Gegen das ihm am 2. März 2020 zugestellte Urteil hat der Kläger am 3. März 2020 beim SG Berufung zum Landessozialgericht Baden-Württemberg eingelegt. Zu deren Begründung bringt er vor, der Bescheid vom 14. Dezember 1978 sei nicht wirksam aufgehoben worden, weswegen die Rentengewährung nach der bis zum 30. Juni 1990 geltenden Rechtslage zu erfolgen habe. Dies habe in mehreren vergleichbaren Fällen durchgesetzt werden können. Die Aufhebung früherer Feststellungsbescheide im Aufhebungsbescheid erfordere grundsätzlich die Benennung der Rechtsgrundlage für die Aufhebung sowie, dass das jeweilige Datum des aufzuhebenden Feststellungsbescheides genannt werde. Es müsse für den Bescheidsempfänger erkennbar sein, welche Entscheidungen aufgehoben würden und in welchem Umfang die Aufhebung eine Schlechterstellung bewirke. Zuletzt hat der Kläger angeregt, die Revision wegen grundsätzlicher Bedeutung zuzulassen.
Der Kläger beantragt (zweckdienlich gefasst),
das Urteil des Sozialgerichts Reutlingen vorm 28. Januar 2020 aufzuheben und die Beklagte unter Aufhebung des Bescheids vom 21. Dezember 2015 in der Fassung des Bescheids vom 3. April 2017 in der Gestalt des Widerspruchsbescheids vom 23. Oktober 2017 zu verurteilen, den Bescheid vom 12. März 2009 in der Fassung des Bescheides vom 11. Januar 2019 zurückzunehmen und die Rente des Klägers unter Zugrundelegung der Zuordnung von Versicherungszeiten nach dem FRG gemäß den Feststellungen in den Bescheiden vom 14. Dezember 1978 und 4. März 2002 ab dem 1. Dezember 2008 neu zu berechnen.
Die Beklagte beantragt,
die Berufung zurückzuweisen.
Zur Begründung ihres Antrages verweist sie auf die aus ihrer Sicht zutreffenden Ausführungen des SG im angefochtenen Urteil, insb. den dortigen Verweis auf die Entscheidung des BSG vom 24. April 2014 (a.a.O.).

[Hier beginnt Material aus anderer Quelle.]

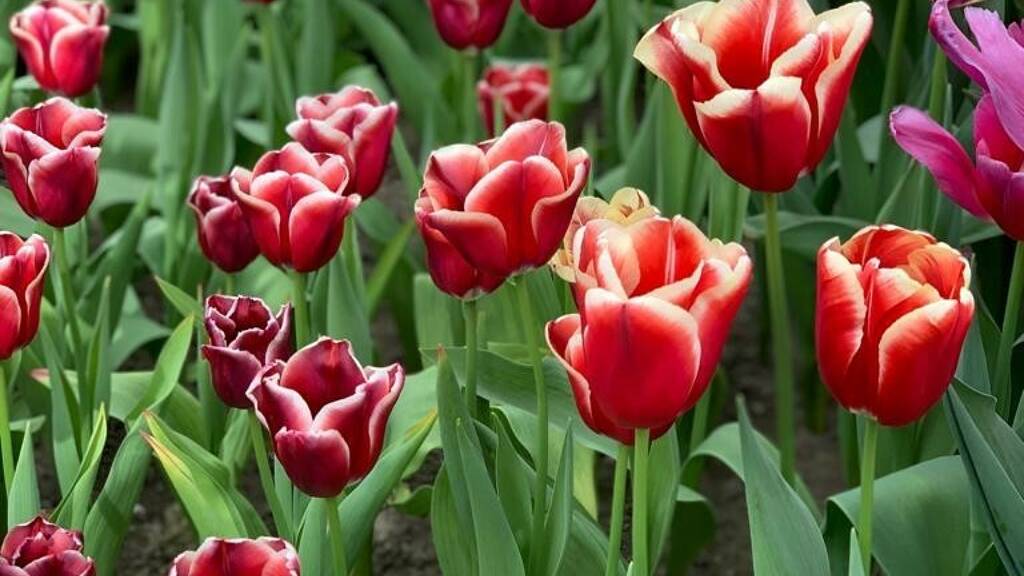 Grundstück zum Kauf 82.500 € 687 m² Grundstück Schöllnach 94508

Zuletzt mit Schriftsatz vom hat der Kläger mit Schriftsatz vom 18. August 2022 die Beklagte mit solchem vom 18. Juli 2022 das Einverständnis mit einer Entscheidung ohne mündliche Verhandlung erklärt.

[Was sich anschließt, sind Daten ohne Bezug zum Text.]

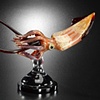 Giant Squid 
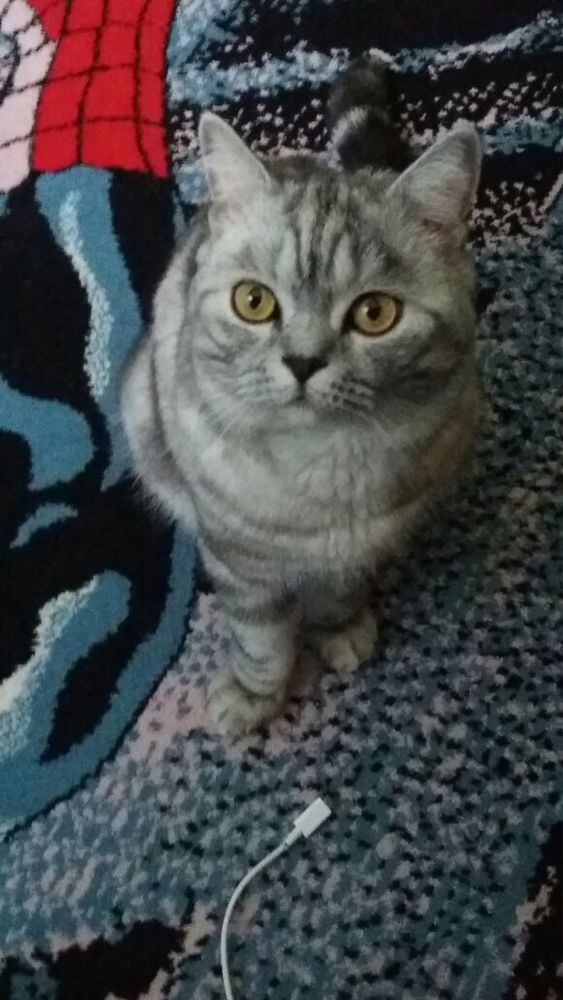 Отдам кота в хорошие , добрые  руки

Hinsichtlich der weiteren Einzelheiten des Sach- und Streitstandes, insb. des Vorbringens der Beteiligten wird auf die Prozessakten beider Rechtszüge sowie die Verwaltungsakte der Beklagten, die Gegenstand der Entscheidungsfindung geworden sind, verwiesen.
Entscheidungsgründe
Die statthafte (vgl. § 143 SGG), form- und fristgerecht (vgl. § 151 Abs. 1 SGG) erhobene und auch im Übrigen zulässige Berufung des Klägers, über die der Senat nach dem erklärten Einverständnis der Beteiligten ohne mündliche Verhandlung entscheidet (§§ 153 Abs. 1, 124 Abs. 2 SGG), führt für diesen inhaltlich nicht zum Erfolg.
Streitgegenständlich ist der Bescheid der Beklagten vom 21. Dezember 2015 in der Fassung des Bescheids vom 3. April 2017 in der Gestalt des Widerspruchsbescheids vom 23. Oktober 2017, mit dem es die Beklagte abgelehnt hat, den Rentenbescheid vom 12. März 2009 zurückzunehmen und dem Kläger eine höhere Rente zu gewähren.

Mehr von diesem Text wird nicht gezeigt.